The main domain is ASIL-B and has Cortex-A processors and TI’s C71x DSP, plus a C66 DSP for audio processing and legacy support. The C71x DSP has a 64-bit, 16-issue VLIW architecture that can support 4240 integer MAC/cycle (8-bit). TI added many vision pre-processing functions for ADAS vision sensors that enhance the sensor data. There is also a depth and motion perception accelerator (DMPA) that estimates 2D object motion and builds a vector field between two images. This information can be used to estimate the potential for objects to cross the path of the vehicle.
IBM Z Series mainframes squeeze in more cores
IBM’s venerable mainframe computers continue to move forward. The latest Z15 processor packs 12 cores capable of 5.2 GHz clock speeds with no thermal throttling, because IBM uses water cooling to handle the high power. While many other processors have moved to 7 nm, IBM instead stayed with the GlobalFoundries’ tried-and-true 14 nm process with embedded DRAM (eDRAM). Both IBM Power and Z series processors have relied on eDRAM to be able to put large caches on die, but this 14 nm GlobalFoundries is the end of the road for eDRAM scaling.
Despite being in the same process node as its predecessor, the Z15 designers squeezed in two additional CPU cores in the same die area plus 10% higher single-thread performance.

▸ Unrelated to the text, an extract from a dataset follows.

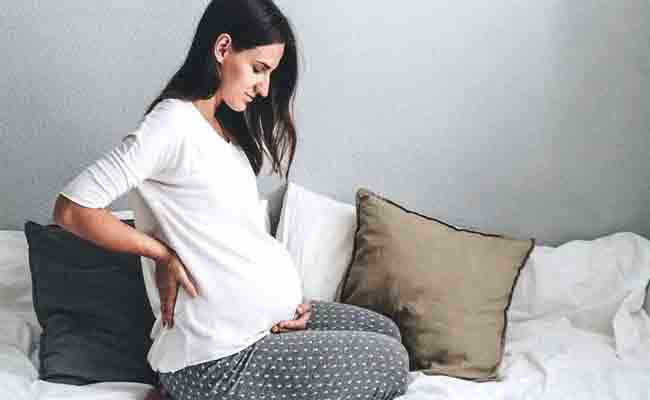 ارتفاع هرمون الحمل قد يدلّ على الإصابة بـ3 حالاتٍ نادرة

Most of the work to shrink the cores was from tighter circuit designs. For additional die area savings, they removed voltage regulators off chip and redesigned the eDRAM to improve density.
In addition to the two extra CPU cores, the designers added in a cryptographic accelerator and sort/merge accelerator. The final chip was 696 mm2, which is about the same as its predecessor. Keeping the die size similar reduced the thermal and mechanical redesign work required.
Due to time constraints, each presentation could only touch on a few design aspects of these chips. Yet, it offers a glimpse of the incredibly complex nature of the design tradeoffs and tricks needed to squeeze out the maximum performance, for the lowest amount of power. It also demonstrates the shift in focus to architecture enhancements and advanced circuit design as the benefits of new process nodes decreases, especially relative to the cost.